ECB leaves interest rateunchanged at 0.5%

The ECB left the main interest rate unchanged at 0.5% at its October meeting. The bank’s president, Mario Draghi, said that he was leaving open all policy levers at his disposal to ensure that the fragile recovery remained on track.

An interest rate cut was discussed at yesterday’s meeting, but on balance the board of governors decided to leave it unchanged, he added.

“As expected, the ECB left interest rates unchanged as the outlook for growth that it presented last month has so far been confirmed by incoming data. We agree with the ECB’s analysis of growth prospects for the eurozone. The region is likely to stay out of recession and recover gradually. However, risks to growth remain skewed to the downside,” said Marie Diron, senior economic adviser to Ernest & Young.&.

“Mr Draghi suggested that a new injection of liquidity (LTRO) is likely. This could indeed ease the uncertain phase as the ECB prepares its Asset Quality Review of banks’ balance sheets. However, as stressed by Mr Draghi, providing liquidity should not be seen as a substitute for adequate capital positions. The eurozone’s banking sector needs stronger balance sheets to ensure robust growth in the medium-term. We hope that the ECB’s assessment will be balanced and will prompt an adequate response by banks and governments to improve capital ratios where needed,” she added.

Mr Draghi told reporters that the European-wide stress tests of the banking system had to be concluded before the Single Supervisory Mechanism (SSM) becomes operational, which is scheduled for the end of next year.

There’s a “general determination” to have adequate measures in place when the ECB takes on its new role as a bank supervisor, claimed Mr Draghi. He said capital injections into banks probably won’t count against budget ceilings under the currency bloc’s rules because they will be one-off measures.

“That’s another thing that quite astonishes me as the doubts that have been expressed about whether national backstops will be in place,” he added. “In fact, there is an explicit reassurance about this in the conclusion of the last European Council, where there is an explicit reference to national backstops.”

Euro-area nations now are debating what kind of financing options need to be in place to head off contagion from capital shortfalls that are uncovered.

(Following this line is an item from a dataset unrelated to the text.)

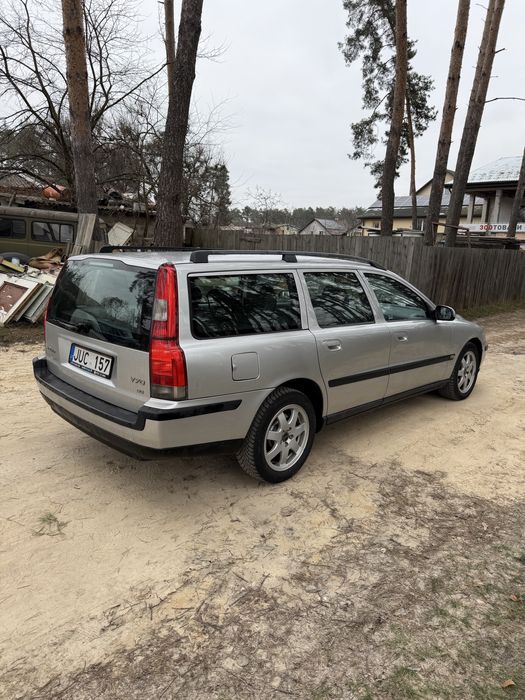 Volvo XC 70 2.4 дизель механика 2004 год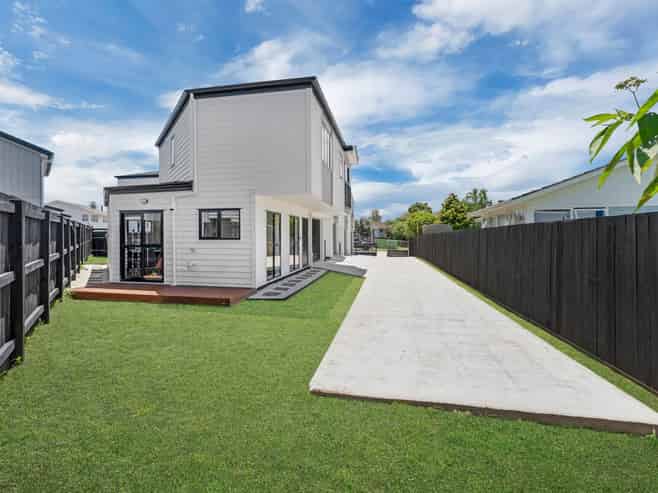 73D Thompson Terrace, Manurewa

EU financial services chief Michel Barnier has proposed a Single Resolution Mechanism that would have a central fund handle the costs of failing banks and give decision-making authority on resolution decisions to the Brussels-based European Commission. Germany has led objections to the proposed fund and also the commission’s proposed powers.

Mr Draghi said the ECB will decide when a bank under its supervision is viable and not and what to do after it fails. He said the ECB should be only an observer on resolution and not hold a voting role on any decision-making board.

“We view the two moments of assessing the known viability of a certain banking concern and deciding which action should be undertaken as clearly separated,” Draghi said. The ECB will take care of the first part, and the SRM should handle the second, he said.

His remarks counter a proposal from Germany’s main opposition party, the Social Democrats, who called for the ECB to take control of failing euro-area lenders. Chancellor Angela Merkel has favoured using a network of national bank regulators to handle bank resolution, rather than Barnier’s proposed central system.

Draghi reiterated the ECB’s plan to release details of its bank-review process later this month. The euro area needs to “harmonise” its definitions of non-performing loans and to make sure the reviews are rigorous.

“To be credible, they have to be transparent and rigorous, otherwise they’re useless,” Mr Draghi said.

Mr Draghi said he hopes credit will recover before the asset-quality review takes place.